━━ MATERIAL TO PROCESS
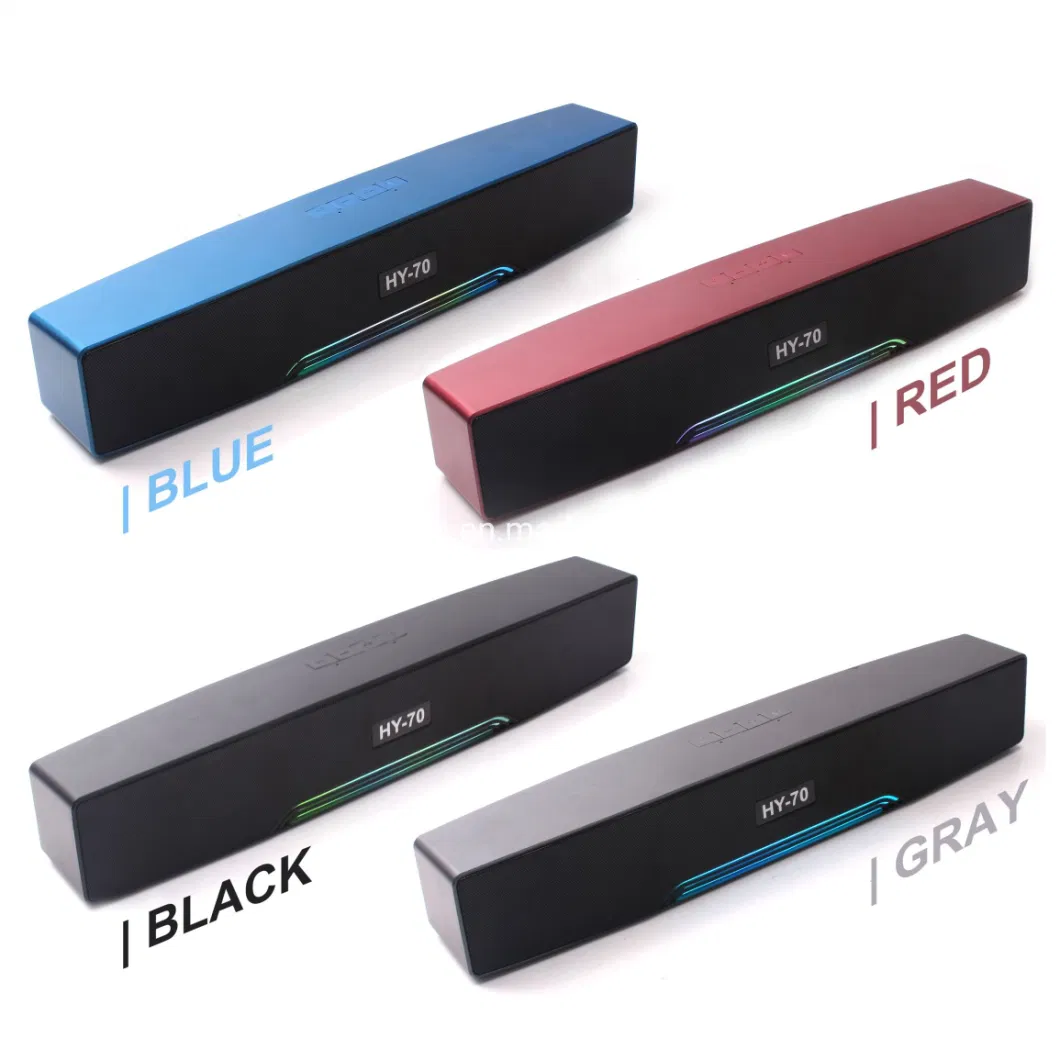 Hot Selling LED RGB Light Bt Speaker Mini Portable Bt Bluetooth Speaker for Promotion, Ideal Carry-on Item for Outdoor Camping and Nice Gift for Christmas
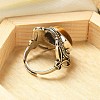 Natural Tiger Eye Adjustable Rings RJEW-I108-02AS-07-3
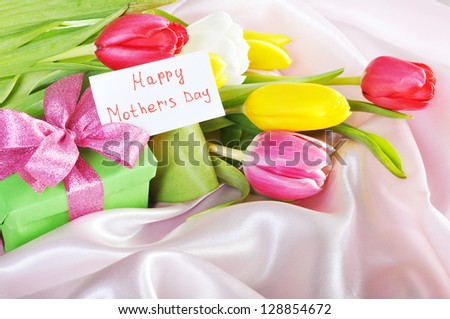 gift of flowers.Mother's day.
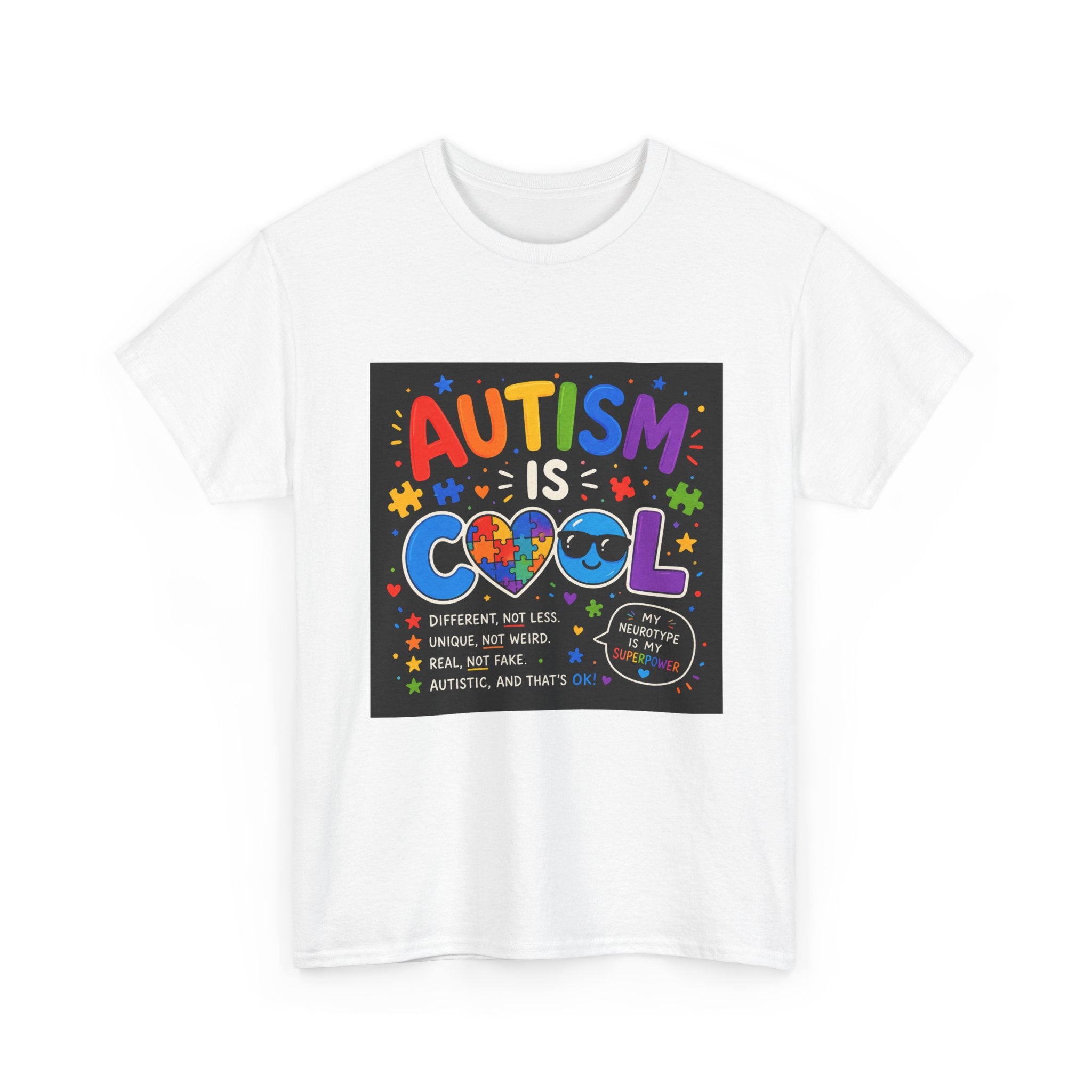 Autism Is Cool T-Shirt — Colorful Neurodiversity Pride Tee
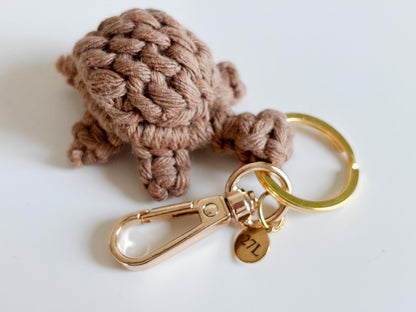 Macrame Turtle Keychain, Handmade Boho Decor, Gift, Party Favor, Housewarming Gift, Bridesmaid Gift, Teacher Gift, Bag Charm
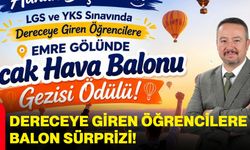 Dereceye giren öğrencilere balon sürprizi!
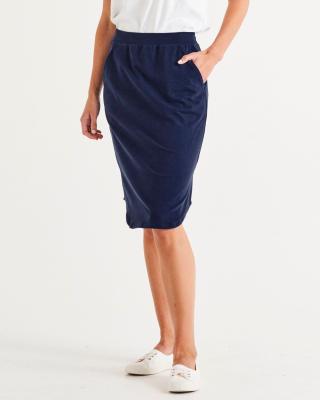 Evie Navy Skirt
━━━━
TASK BRIEF: Leave out the pictures, and retype exactly the lines from the one containing "Macrame Turtle Keychain, Handmade" through the final line of the data.

ANSWER TO THE EXERCISE:
 Macrame Turtle Keychain, Handmade Boho Decor, Gift, Party Favor, Housewarming Gift, Bridesmaid Gift, Teacher Gift, Bag Charm
 Dereceye giren öğrencilere balon sürprizi!
 Evie Navy Skirt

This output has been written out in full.